Maribeng advises colleagues to take on any side hustle noting that traditional media is dying and jobs are getting scarce. “COVID e tlhakatlhakantse dilo, but it has also taught us never to depend on one salary. Use whatever talent you have to earn an extra income because you do not know what the future has in store.”

One who never had to rely on one salary is veteran journalist and communications specialist, Greg Kelebonye.  To him, the challenging period of the pandemic is just an opportune time to break into new ventures. With over two decades of experience in government, corporate and private media, Kelebonye was never one to be without a side hustle, employed or not. Kelebonye has been a street hawker of sorts. He has sold street food, wood, vegetables, clothes, sweets and operated a restaurant.  It is these side odd jobs that have set Kelebonye for commercial farming operations,

He recalls that when he lost his well-paying job as communications manager at BCL in Selebi-Phikwe, he returned to base in Gaborone and started gathering and selling wood.

He was shocked that side hustle, something he thought was just to while away the time waiting for another full-time job opportunity, could earn him around P40,000 a week.
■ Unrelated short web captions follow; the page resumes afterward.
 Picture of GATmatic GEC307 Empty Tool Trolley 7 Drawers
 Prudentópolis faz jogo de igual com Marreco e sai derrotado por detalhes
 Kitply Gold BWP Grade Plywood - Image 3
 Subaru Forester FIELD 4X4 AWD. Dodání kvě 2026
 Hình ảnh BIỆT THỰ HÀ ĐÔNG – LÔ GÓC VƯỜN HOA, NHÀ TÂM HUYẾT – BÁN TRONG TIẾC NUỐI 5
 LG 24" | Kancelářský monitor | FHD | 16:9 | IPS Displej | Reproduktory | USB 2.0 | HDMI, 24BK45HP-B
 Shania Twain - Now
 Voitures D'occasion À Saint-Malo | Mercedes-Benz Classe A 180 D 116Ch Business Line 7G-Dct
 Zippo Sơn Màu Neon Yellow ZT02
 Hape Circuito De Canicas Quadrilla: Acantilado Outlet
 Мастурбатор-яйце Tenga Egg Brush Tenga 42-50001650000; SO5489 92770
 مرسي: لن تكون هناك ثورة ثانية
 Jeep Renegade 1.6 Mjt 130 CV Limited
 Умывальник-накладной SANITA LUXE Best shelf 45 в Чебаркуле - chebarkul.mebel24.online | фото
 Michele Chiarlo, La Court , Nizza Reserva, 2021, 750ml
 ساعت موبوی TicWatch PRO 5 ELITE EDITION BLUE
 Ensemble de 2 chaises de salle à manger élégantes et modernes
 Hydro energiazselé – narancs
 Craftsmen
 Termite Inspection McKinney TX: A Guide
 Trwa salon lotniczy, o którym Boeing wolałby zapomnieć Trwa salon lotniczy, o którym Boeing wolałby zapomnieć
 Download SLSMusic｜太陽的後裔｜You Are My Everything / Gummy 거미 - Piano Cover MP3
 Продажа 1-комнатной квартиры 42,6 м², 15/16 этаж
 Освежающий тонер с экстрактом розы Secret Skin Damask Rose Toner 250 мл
In fact, it was that side hustle that financed his new ventures. The wood selling business earned him enough money to buy property around Gaborone. By the time he was engaged as News Editor at Dikgang Publishing Company, Kelebonye had bought a 40-hectare farm just outside Thamaga, where he operates small stock commercial farming. He bought a smaller farm in Mogonye for horticulture, which has proven to be a good income stream.

The side hustle meant he not only provides for his family, sets a path for entrepreneurship, but also employs others. With his hectic work schedule at the Ombudsman’s, Kelebonye has engaged an old friend and colleague, Kebofhe Mathe to manage his agricultural operations. “Mathe is the engine,” he says, noting that all these that he has today, would not have been possible with just one cheque at the end of the month. “If you have the ambition to make it big in life, you have to find and use every opportunity availed.”

The ‘veteran’ hustler is not done. He sees a business opportunity in metal scraps. He also plans to buy cans and bottles from the card pulling hustlers and sell them to the factories. “I want to act as a middle person. There could be money there.”